Thursday, April 11, 2013

Just Joking - There Are No Rules!

Do you write good?

Then here are some rules you might enjoy. This list is all over the internet with no obvious original source. I borrowed this exact list from:

  1. Verbs has to agree with their subjects.
  2. Never use a preposition to end a sentence with. Winston Churchill, corrected on this error once, responded to the young man who corrected him by saying "Young man, that is the kind of impudence up with which I will not put!
  3. And don't start a sentence with a conjunction.
  4. It is wrong to ever split an infinitive.
  5. Avoid cliches like the plague. (They're old hat.)
  6. Also, always avoid annoying alliteration.
  7. Be more or less specific.
  8. Parenthetical remarks (however relevant) are (usually) unnecessary.
  9. Also too, never, ever use repetitive redundancies endlessly over and over again.
  10. No sentence fragments.
  11. Contractions aren't always necessary and shouldn't be used to excess so don't.
  12. Foreign words and phrases are not always apropos.
  13. Do not be redundant; do not use more words than necessary; it's highly superfluous and can be excessive.
  14. All generalizations are bad.
  15. Comparisons are as bad as cliches.
  16. Don't use no double negatives.
  17. Avoid excessive use of ampersands & abbrevs., etc.
  18. One-word sentences? Eliminate.
  19. Analogies in writing are like feathers on a snake (Unless they are as good as gold).
  20. The passive voice is to be ignored.
  21. Eliminate commas, that are, not necessary. Parenthetical words, however, should be enclosed in commas.
  22. Never use a big word when substituting a diminutive one would suffice.
  23. Don't overuse exclamation points!!!
  24. Use words correctly, irregardless of how others use them.
  25. Understatement is always the absolute best way to put forth earth-shaking ideas.
  26. Use the apostrophe in it's proper place and omit it when its not needed and use it correctly with words' that show possession.
  27. Don't use too many quotations. As Ralph Waldo Emerson said, "I hate quotations. Tell me what you know."
  28. If you've heard it once, you've heard it a billion times: Resist hyperbole; not one writer in a million can use it correctly. Besides, hyperbole is always overdone, anyway.
  29. Puns are for children, not groan readers.
  30. Go around the barn at high noon to avoid colloquialisms.
  31. Even IF a mixed metaphor sings, it should be derailed.
  32. Who needs rhetorical questions? However, what if there were no rhetorical questions?
  33. Exaggeration is a billion times worse than understatement.
  34. Avoid "buzz-words"; such integrated transitional scenarios complicate simplistic matters.
  35. People don't spell "a lot" correctly alot of the time.
  36. Each person should use their possessive pronouns correctly.
  37. All grammar and spelling rules have exceptions (with a few exceptions)....Morgan's Law.
  38. Proofread carefully to see if you any words out.
  39. The dash - a sometimes useful punctuation mark - can often be overused - even though it's a helpful tool some of the time.
  40. Proofread carefully to make sure you don't repeat repeat any words.
  41. In writing, it's important to remember that dangling sentences.

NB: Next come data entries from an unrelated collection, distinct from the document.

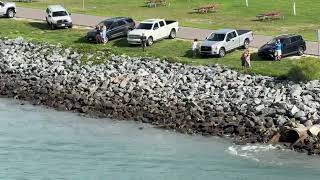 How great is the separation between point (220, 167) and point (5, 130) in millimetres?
12294

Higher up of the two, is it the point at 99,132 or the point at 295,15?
the point at 295,15

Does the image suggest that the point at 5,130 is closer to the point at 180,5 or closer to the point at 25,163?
the point at 25,163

  1. lol! This post has me busting up laughing. LOVE IT!

  2. Ha! That's pretty hilarious. I especially liked "Proofread carefully to make sure you don't repeat repeat any words" because I do that all the time. Especially when I have to stop writing mid-sentence and go do something. Somehow I always end up coming back to it and repeating my last word.

  3. lol. Such a great list. Too many that fit me just write. And I love the 'all others will be toad.'

  4. I'm sorry it took me so long to leave a comment, but I was on the flippin' floor rolling with laughter!!

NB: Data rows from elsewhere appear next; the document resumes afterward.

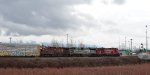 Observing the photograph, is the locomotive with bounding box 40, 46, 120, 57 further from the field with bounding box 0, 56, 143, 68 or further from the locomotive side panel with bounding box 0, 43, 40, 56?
the field with bounding box 0, 56, 143, 68

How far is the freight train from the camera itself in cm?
9588

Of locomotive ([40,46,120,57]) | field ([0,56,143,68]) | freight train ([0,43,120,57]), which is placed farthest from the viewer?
locomotive ([40,46,120,57])

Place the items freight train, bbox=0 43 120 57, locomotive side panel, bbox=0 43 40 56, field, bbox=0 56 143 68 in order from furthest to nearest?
freight train, bbox=0 43 120 57 < locomotive side panel, bbox=0 43 40 56 < field, bbox=0 56 143 68

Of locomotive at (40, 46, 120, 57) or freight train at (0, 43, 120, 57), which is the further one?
locomotive at (40, 46, 120, 57)

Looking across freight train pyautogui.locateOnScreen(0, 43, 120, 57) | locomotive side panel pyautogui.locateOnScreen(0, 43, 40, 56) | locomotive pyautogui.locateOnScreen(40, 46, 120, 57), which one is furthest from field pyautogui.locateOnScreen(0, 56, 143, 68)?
locomotive pyautogui.locateOnScreen(40, 46, 120, 57)

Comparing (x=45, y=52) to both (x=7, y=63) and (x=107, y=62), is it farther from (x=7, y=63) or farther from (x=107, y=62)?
(x=7, y=63)

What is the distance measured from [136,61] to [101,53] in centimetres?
1826

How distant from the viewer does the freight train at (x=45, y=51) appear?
95.9 m

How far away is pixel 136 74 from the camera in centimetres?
5112

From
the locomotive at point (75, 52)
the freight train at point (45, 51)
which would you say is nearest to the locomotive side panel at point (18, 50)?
the freight train at point (45, 51)

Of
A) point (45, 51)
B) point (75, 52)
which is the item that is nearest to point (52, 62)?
point (45, 51)

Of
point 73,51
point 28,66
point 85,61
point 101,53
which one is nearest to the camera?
point 28,66

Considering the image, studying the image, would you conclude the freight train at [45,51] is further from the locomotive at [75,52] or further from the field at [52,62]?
the field at [52,62]

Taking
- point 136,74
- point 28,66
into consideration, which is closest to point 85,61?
point 28,66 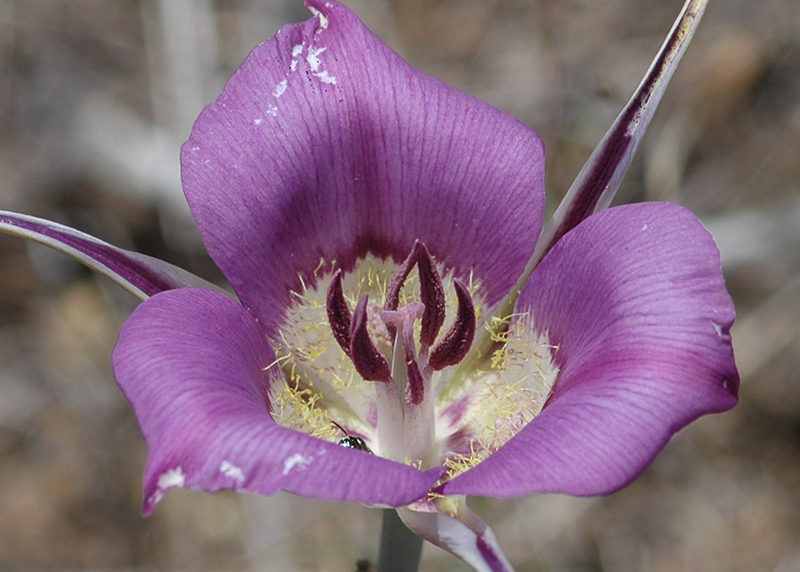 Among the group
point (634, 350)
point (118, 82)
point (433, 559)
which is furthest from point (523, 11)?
point (634, 350)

  5. I was more or less laughing too! These rules is funny. :)

  6. that is an awfully long list of cringe-making grammatical errors. Split infinitives are my own particular bug-bear. Then there are the apostrophes in unnecessary places. I'll stop now before I start screaming!

  7. The list is a hoot. But the sign... All others will be toad... Too funny!

  8. I love this list so much!!!!!!

  9. LOL. What a barrel of laughs....having trouble keeping a straight face here.

  10. I have broken nearly all those rules. 'Toad' is awesome, like, totally...

  11. Very nice list; I must have a copy.

    I am always dismayed by the increasing use of the word " amount" when "number" is meant, as in: They had a large amount of people at the concert. Seems to me that "amount" indicates a volume rather than a number. (With that sentence I always envision a bunch of very fat people at the concert.)

  12. I love this list-- too funny, yet TOADally gets the point across! I tend to be a grammar nazi myself. ;) I hate when people use 'aint'.. drives me insane!